Years ago, when I was doing my Master’s degree, my supervisor* was giving a presentation on philosophy of language. This was the first moment in my education when I was just completely confounded by the reaction of a fellow student.
* His avatar in this post will be Artie Shaw. Similar enough for people who know us to know who he is, but still doing the duty of a pseudonym. Also, he’d find it funny.
Shaking my head thinking, “Why would you even ask that?” Not at anything aggressive or offensive, but at such cross-purposes to the lecture that no one really knew how to react.
A universe of infinite variety and difference. |
It was about a conception of counter-factual propositions as a synthetic a priori – knowledge that you learned entirely through thinking, but which involved reasoning beyond just logical implications of definitions. You had to think through imaginary empirical situations, what could have been.
This lecture was ten years ago, and I largely never again touched the Kripke-inspired philosophy of language that Artie Shaw was ploughing through at the time. So I’m probably messing up the substance of the talk entirely.

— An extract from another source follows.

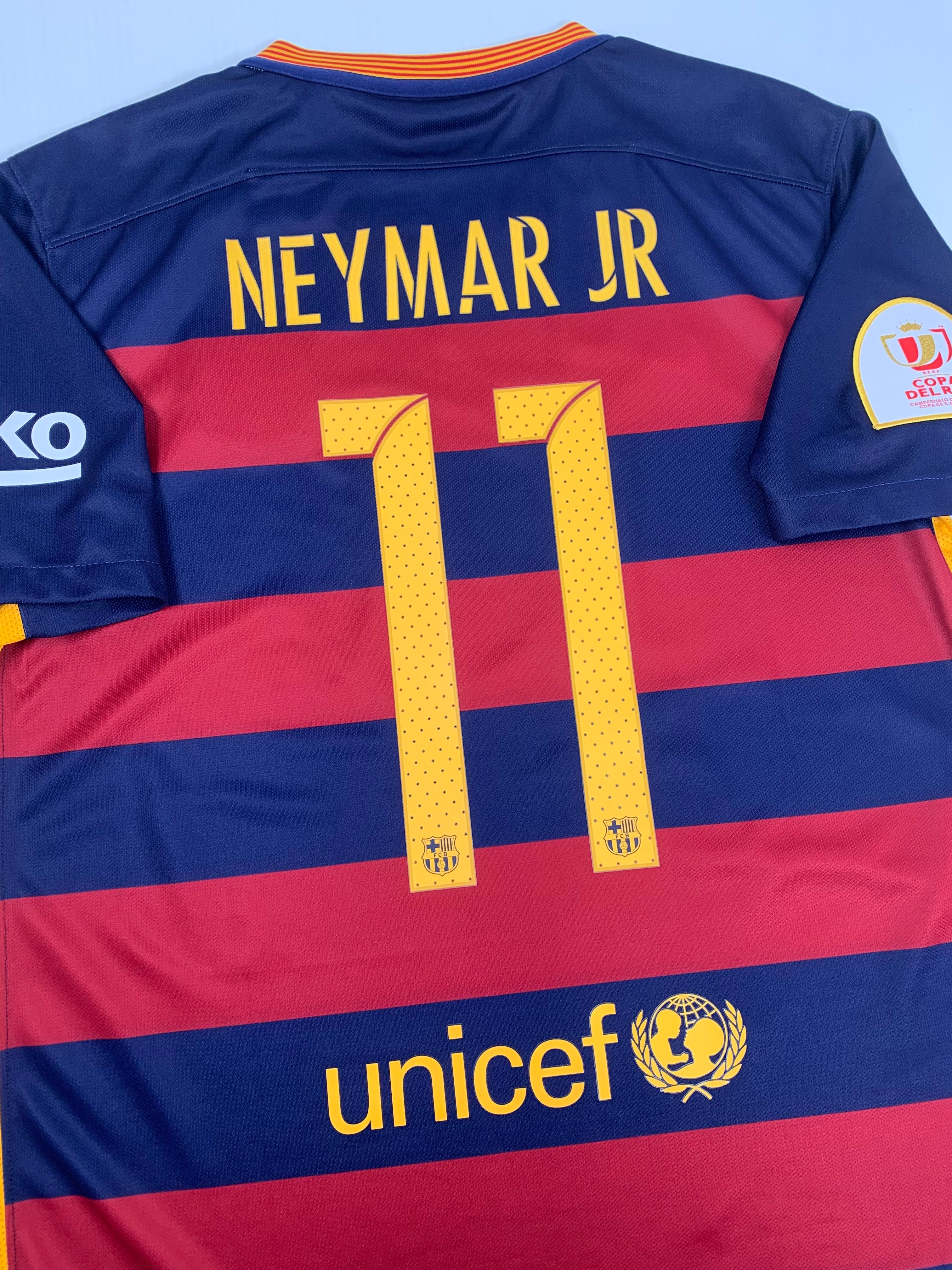2015-16 Nike FC Barcelona Neymar #11 Copa Del Ray Home Kit M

But the point is – this use of the term ‘a priori’ referred entirely to counter-factual reasoning and modal logic, the quantification of possibility. In the Q&A, my colleague The Cartesian asked:
“But what about the universal?”
It was a sensible question from his perspective – The Cartesian was literally a Cartesian. He was steeped in terminology and tradition that conceived of the realm of pure thought as where you discover universal truths. And that’s not what philosophy really does anymore.

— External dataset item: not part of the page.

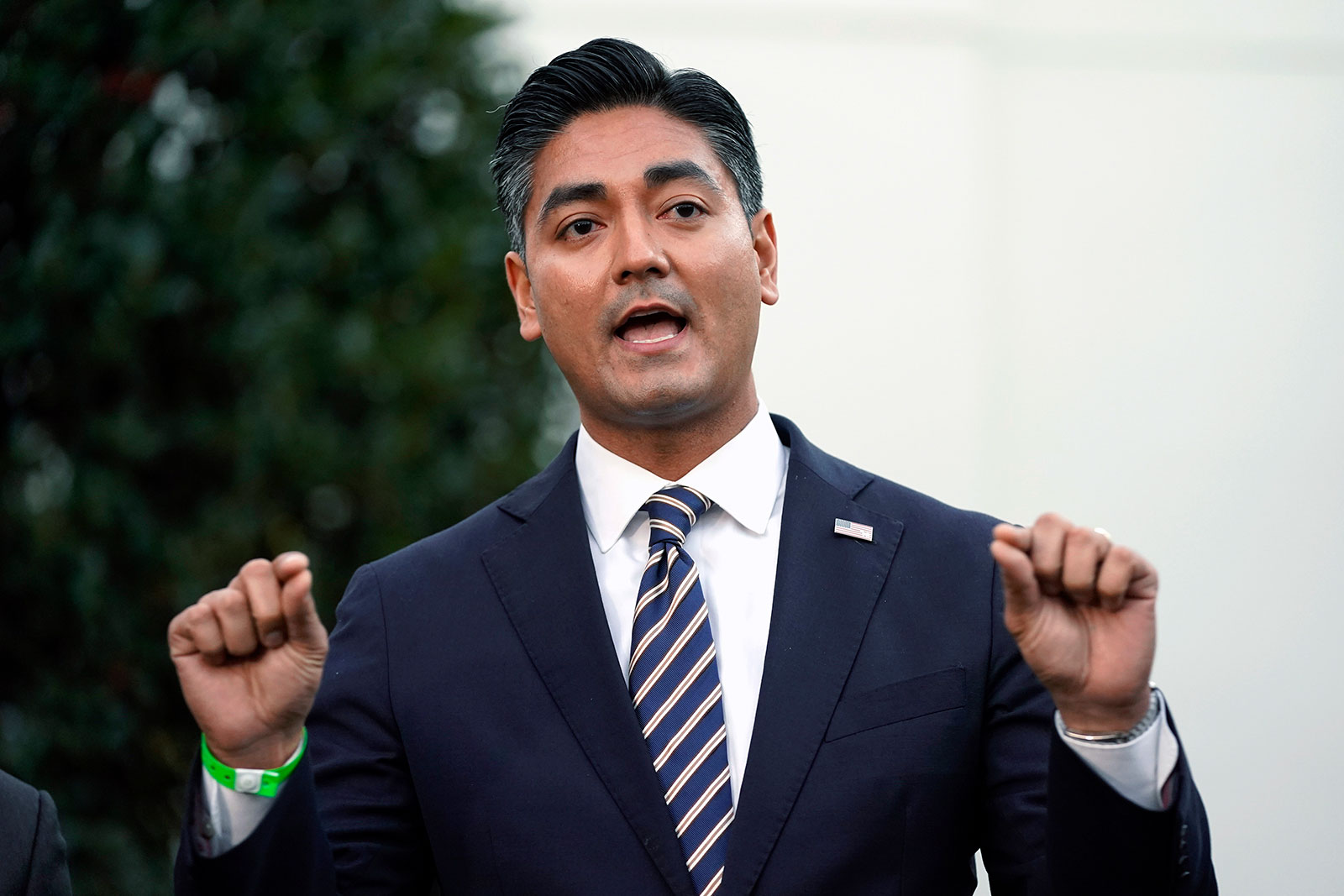 Cincinnati mayor Aftab Pureval speaks with reporters after meetings at the White House in Washington, DC, in 2021.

I mean, I’ve met plenty of working philosophy professors who still think this way about the discipline. But they tend to produce very unremarkable work on topics that are far removed from the concerns or our day.
Either the write entirely scholarly material on the works of great philosophers from centuries ago. Or they write on the same problems those earlier philosophers did as if they were still vibrant topics whose answers could grip a society.

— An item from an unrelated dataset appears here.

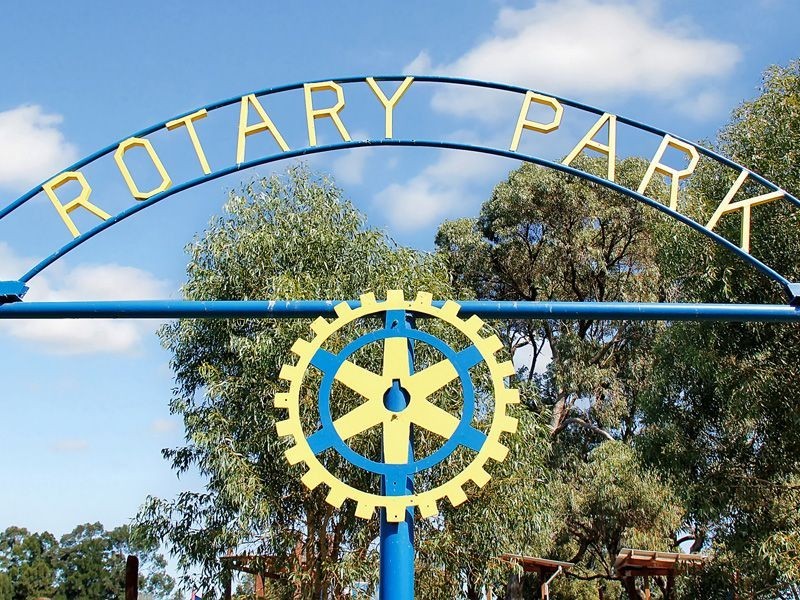 11 Yallambee Crescent, Wanneroo WA 6065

I had been leaning this way for a while, even at that young age. But that moment very suddenly pushed me to realize something very important. Problems of universal truth don’t really matter very much, aren’t interesting, and aren’t even productive. They just distract you from the really fascinating issues and ideas of the world.
So I had a wonderful chuckle at Anthony Appiah’s casual rejection of any possibility of truly universal knowledge in human societies. Can we say anything universally true of all humans? In the moral or ethical realm? Probably not. At least not in that traditional sense of the universal as essence, as applying without exception.
This does amount to a blanket declaration, but after more than a century of poking gaping materialist holes of contingency in all those old pretensions to the universal, I think it’s safe to declare it simply. Appiah writes from a solidly pragmatist perspective, and so do I.
There is no universal in human nature.
Where we think there are universals, there are really just tendencies common enough that we haven’t run into any counter-examples.
What’s more, we don’t even need shared universals to build empathy between different people. We’re used to the appeals to a shared humanity to encourage peace building. At least in the rhetoric. “Ain’t we all kin?” I sometimes think the idea of a humanity bound by what we have in common comes from spending too long swimming in the conformist language of the nation.
Differences are what fascinates us. If we meet people who are exactly the same as we are, they bore us quickly. Variety and surprise is the basis of our strongest relationships – they challenge us as we come to know them, and open our world to new possibilities.
Even in the most tense and violent places, exploring difference is the foundation of real peace. We’re diverse and unique, and that universal of no universality – the singularity of the world – brings us together.